Comment les États africains peuvent-il éviter les pièges du nouvel ordre mondial ?
BRICS versus G7
Il ne s’agit pas de réduire le nouvel ordre mondial tel qu’il se construit aujourd’hui à un affrontement entre les 5 pays des BRICS (Brésil, Russie, Inde, Chine, Afrique du Sud) et les partenaires du G7 qui représentent les 7 économies occidentales réputées être les plus développées (Etats-Unis, France, Royaume-Uni, Allemagne, Japon, Italie, Canada).
Créé dans les années 1970, le G7 était devenu le G8 avec l’intégration, en 1997, de la Russie. En 2014, la crise ukrainienne, après l’annexion par Poutine de la Crimée, jugée illégale par les pays occidentaux, va mettre fin à la participation de Moscou au G8. Mais, il existe de fait, avec le G7, un front occidental, et, avec les BRICS, un front de pays émergents qui affirment leur volonté de s’émanciper de la tutelle de l’Occident.

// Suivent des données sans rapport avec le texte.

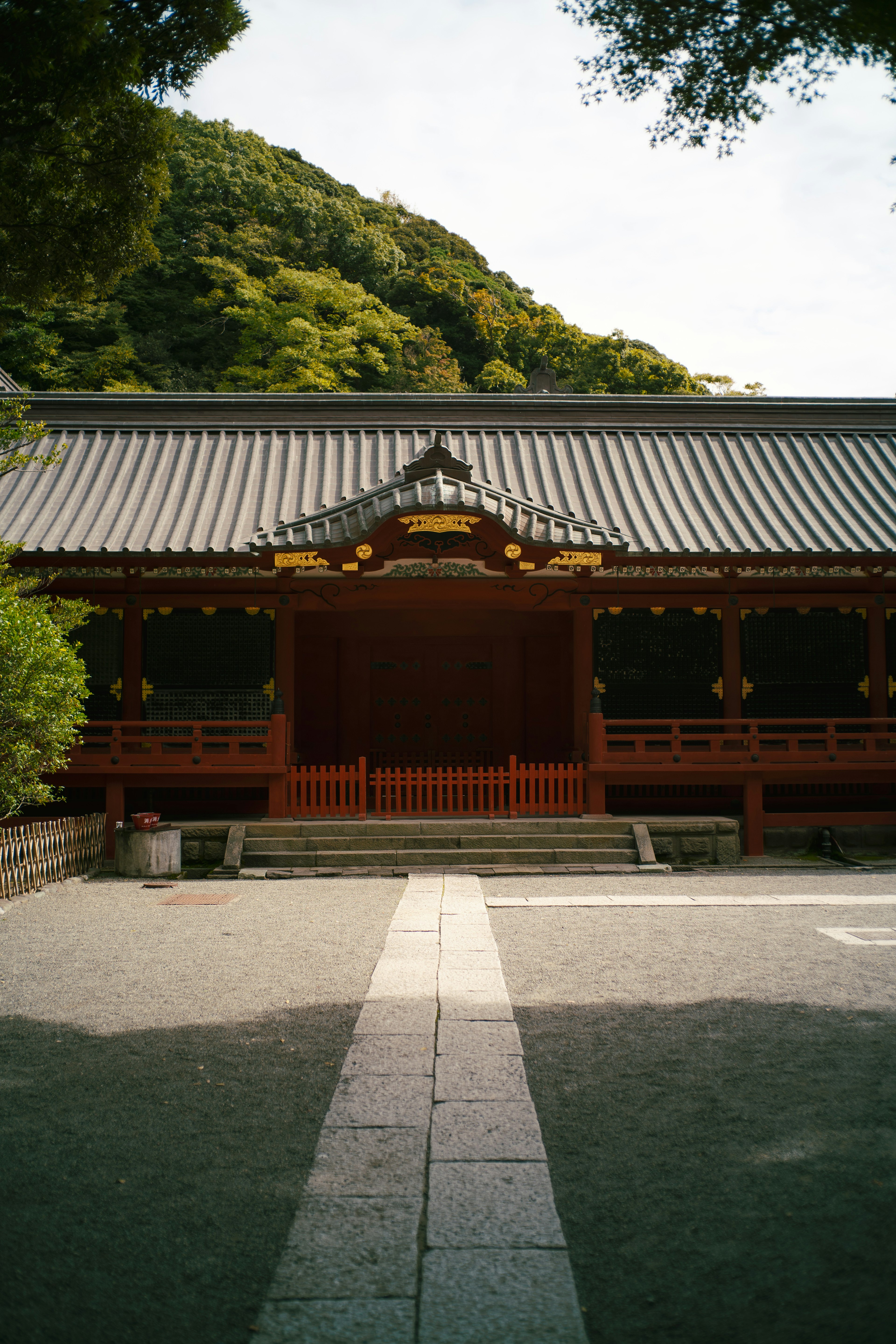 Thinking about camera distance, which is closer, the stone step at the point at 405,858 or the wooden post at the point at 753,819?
the stone step at the point at 405,858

La création du G20, à partir des années 1999, avait pour objectif de renforcer la coopération entre les pays du G7 et les pays émergents. Le G20 compte 19 pays (Afrique du Sud, Allemagne, Arabie saoudite, Argentine, Australie, Brésil, Canada, Chine, États-Unis, France, Inde, Indonésie, Italie, Japon, Mexique, République de Corée, Royaume-Uni, Russie) et l’Union européenne. Les cinq pays des BRICS font partie du G20, comme l’Arabie Saoudite qui vient d’intégrer les BRICS.
Les puissances occidentales souhaitaient mieux associer les pays émergents aux discussions sur l’évolution du système économique et financier international. Lieu de discussion entre pays industrialisés et pays émergents, le G20 affichait l’ambition de devenir l’instrument privilégié de la « bonne gouvernance » de l’économie de marché mondialisée, afin d’éviter les crises. Pourquoi le mouvement des BRICS va-t-il alors prendre de l’importance ? La réponse est simple : le G20 symbolise à son tour, comme le G7, la domination des grandes puissances occidentales et les décisions qui sont prises, favorables aux intérêts de l’économie de marché, sont imposées aux pays émergents et à leurs populations.

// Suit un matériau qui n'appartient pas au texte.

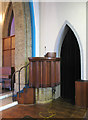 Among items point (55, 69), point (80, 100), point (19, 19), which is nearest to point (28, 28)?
point (19, 19)

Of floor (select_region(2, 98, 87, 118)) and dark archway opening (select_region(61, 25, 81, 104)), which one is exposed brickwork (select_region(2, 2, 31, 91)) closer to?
floor (select_region(2, 98, 87, 118))

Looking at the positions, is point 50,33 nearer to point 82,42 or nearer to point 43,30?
point 43,30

L’Occident, aveuglé par le prétendu universalisme de sa civilisation et de ses valeurs (économie libérale, démocratie, droits humains, égalité homme-femme) ne mesure pas alors la montée des courants nationalistes ultraconservateurs dans les pays émergents et la résurgence des mouvements anticolonialistes en Afrique. Au temps de la « Guerre froide » (1945-1991)), les Etats africains étaient sommés de choisir entre l’Oncle Sam et le communiste, c’est-à-dire entre les deux idéologies qui structuraient les relations internationales.

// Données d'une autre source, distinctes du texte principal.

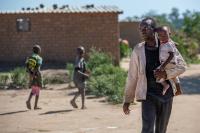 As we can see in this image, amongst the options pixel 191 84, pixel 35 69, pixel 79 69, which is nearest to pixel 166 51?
pixel 79 69

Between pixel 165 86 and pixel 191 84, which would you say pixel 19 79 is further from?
pixel 165 86

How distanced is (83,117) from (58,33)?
42.7 ft

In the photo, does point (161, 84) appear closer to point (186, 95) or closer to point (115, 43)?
point (186, 95)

À la fin de la « Guerre froide », l’illusion aura été de croire que le maître-mot du monde était le mot « coopération », l’OMC étant, dans l’imaginaire occidental, l’outil-miracle qui doit permettre de bâtir une paix durable. Mais, le véritable maître-mot du monde est, depuis les années 1970, le mot « crise ». Le capitalisme va connaitre une crise systémique qui bouleverse les rapports de force au sein du G20, les puissances occidentales, historiquement dominantes, ne sont plus les seuls maîtres du jeu. Dans un monde devenu multipolaire, le front antioccidental s’affirme et l’influence des BRICS s’étend. L’Afrique devra-telle choisir entre les BRICS et le G7 pour avancer sur la trajectoire du développement ?
L’Afrique et les BRICS
À l’issue du Sommet qui vient de se tenir à Johannesburg, les BRICS s’agrandissent. Le Brésil, la Russie, l’Inde, la Chine et l’Afrique du Sud ont annoncé l’entrée de six nouveaux membres : l’Argentine, l’Égypte, l’Éthiopie, l’Arabie saoudite et les Émirats arabes unis. Les BRICS passent à onze États qui, en 2024, devraient représenter plus d’un tiers du PIB mondial et près de la moitié de la population. Les BRICS à onze expriment une volonté commune : la « dédollarisation » de l’économie mondiale.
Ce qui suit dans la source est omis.